Robert Louis Harrison was born March 11, 1944, in Oceanside. His father, William Harrison, was a Nassau County bus driver and union president, and mother, Roberta Louise Clark Harrison, worked at Airborne Instruments Laboratories, soldering electrical components. With his older brother, Thomas, Harrison was raised in Hicksville and then Syosset, graduating high school there in 1961.

Enlisting in the Air Force, he served at Holloman AFB in White Sands, New Mexico, rising to the rank of E3 (now Airman First Class). There he worked as a military photographer before his discharge in 1965. He went on to earn an associate degree from Nassau Community College, a bachelor’s in history from Stony Brook University and, in 1975, a master’s in instructional communication from Hofstra University.
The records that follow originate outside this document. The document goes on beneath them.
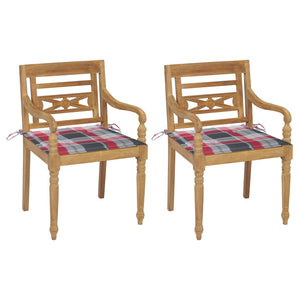 vidaXL Batavia Chairs 2 pcs. Red Plaid Cushions Solid Teak Wood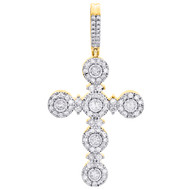 10K Yellow Gold Diamond Cluster Frame Cross Pendant 2.40" Miracle Set Charm 3 CT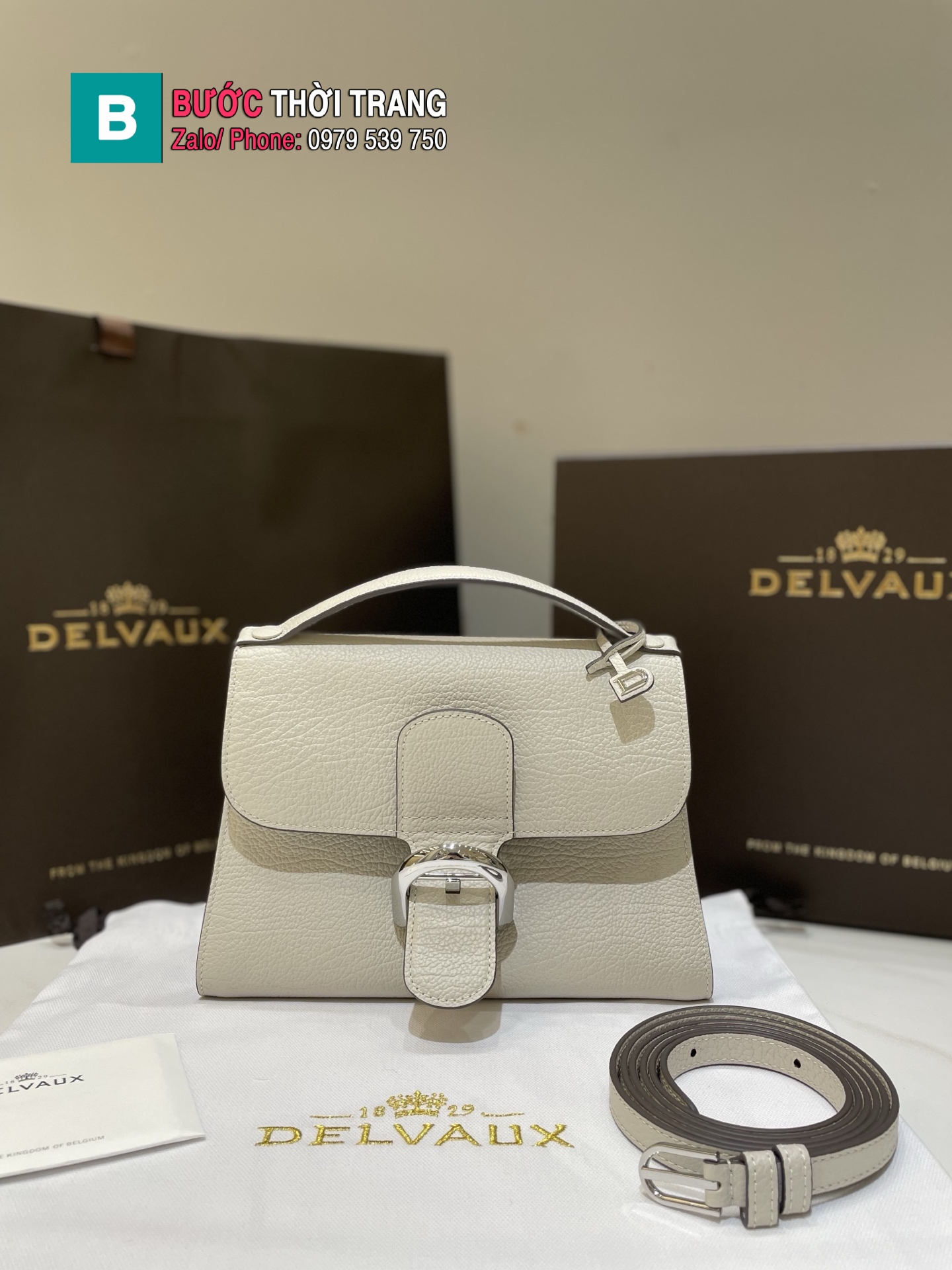 Túi xách DELVAUX TEMPO cao cấp màu trắng ngà size 23x17x6 cm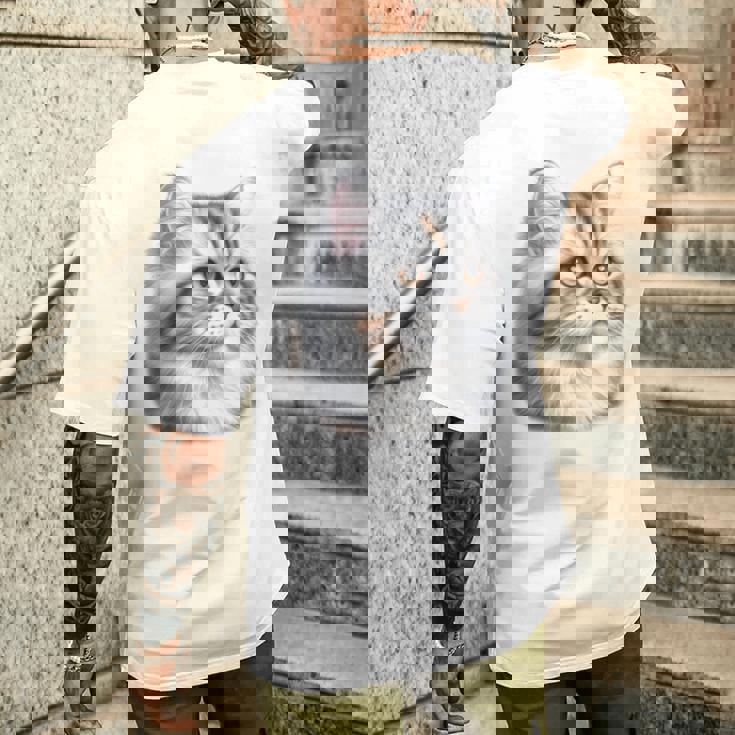 Retrato De Gato Atigrado Plateado X Gato Lindo Manga Larga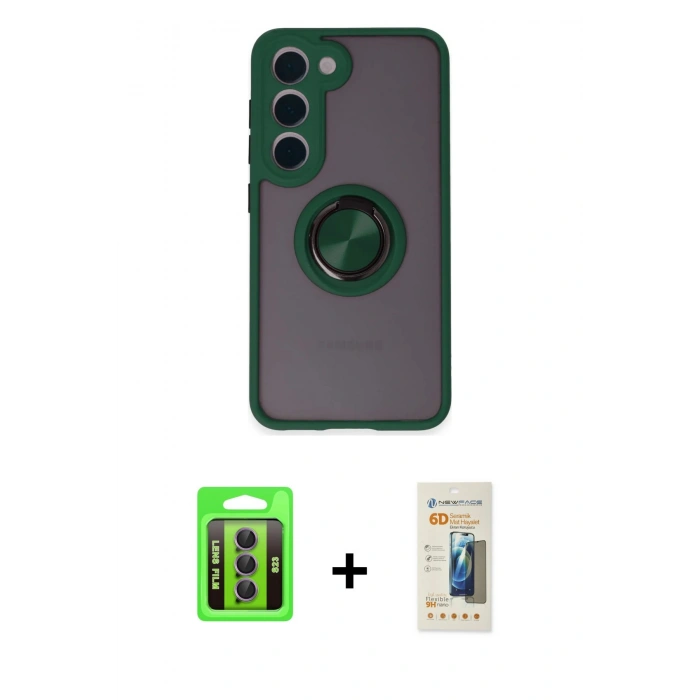 MARSİLYAN™- Galaxy S23 Kılıf Yörünge Çizgi - Siyah 6D Mat Seramik Hayalet Nano Ekran Koruyucu + Raze Metal Kamera Lens - MR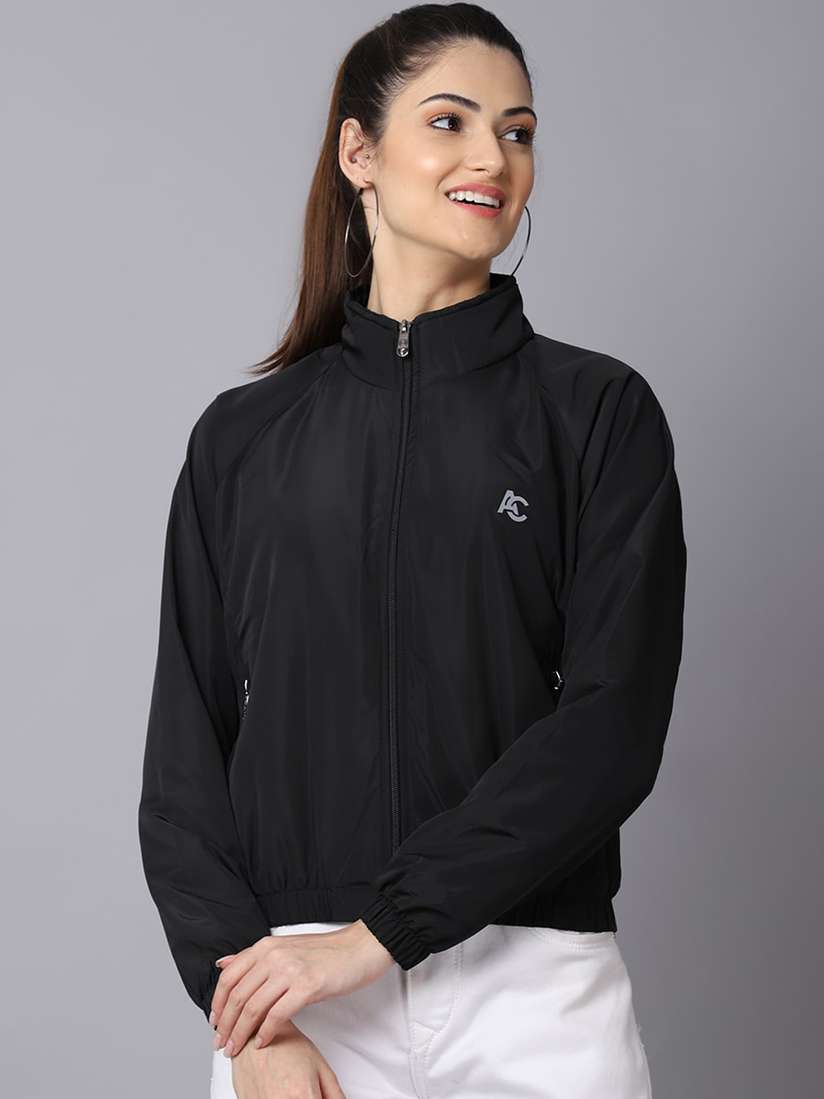 Cropped Black Windbreaker Coleman Athletics Apparel Legacy Crop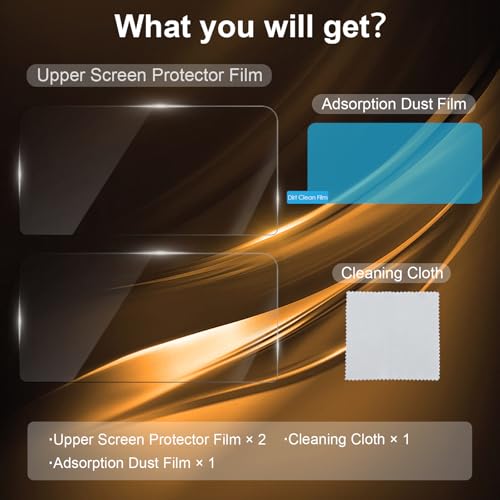 Screen Protector Compatible with AYN THOR Handheld Console- Tempered Glass for Dual Screens, Scratch-Resistant & High-Definition (2 upper screen film)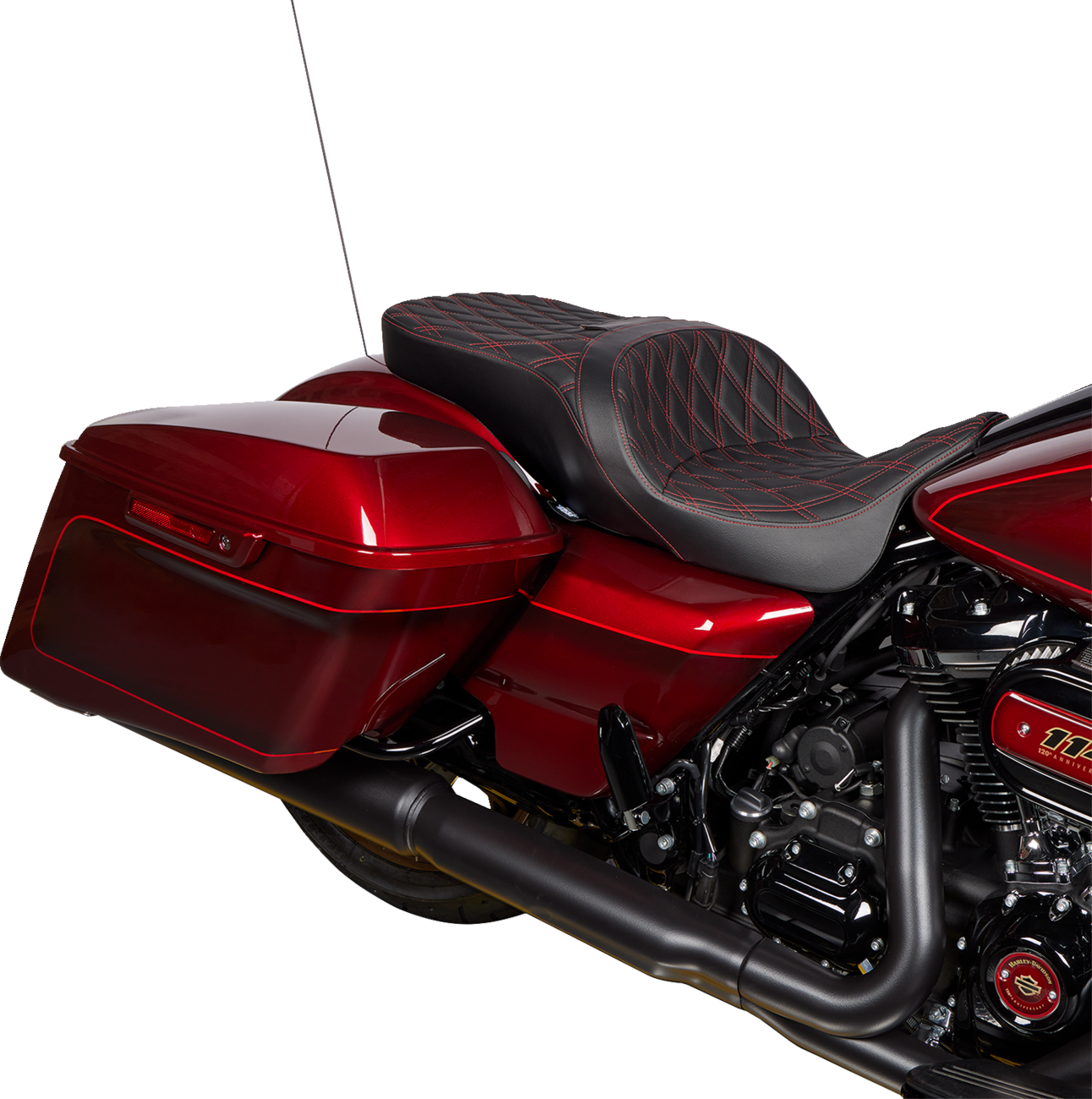 Drag Specialties Freedom Seat with Double Diamond Red Stitch for Harley FLH 2009-2023, showing the stylish stitched seat design.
His first published poem, he had said, was a piece about horse racing that appeared in Newsday. A Mets fan, he began publishing baseball poetry in Baseball Hobby News and soon branched into literary magazines and anthologies. His poems were collected in books including "Green Fields and White Lines," which was published, and "29 Poems and a Play," which was self-published.

Harrison’s photographs appear in dozens of books, and the Hofstra University Library holds the Robert L. Harrison Long Island Photograph Collection. His accolades include Hofstra’s George M. Estabrook Distinguished Service Award.

In addition to his son Kevin, he is survived by another son, Roger Harrison, of Laurel, Maryland; his wife, Dorothy Vokoun Harrison, of East Meadow, with whom he celebrated his 50th anniversary last year; and two grandchildren.

Viewings will be held Sunday, from 2 to 4 p.m. and 7 to 9 p.m. at O’Shea Funeral Home in East Meadow. A service will be held there Monday at 9:30 a.m., followed by burial at Calverton National Cemetery. Donations may be made to the Long Island Poetry & Literature Repository. A tribute is set to take place Dec. 8 at the Mid-Island Y JCC in Plainview.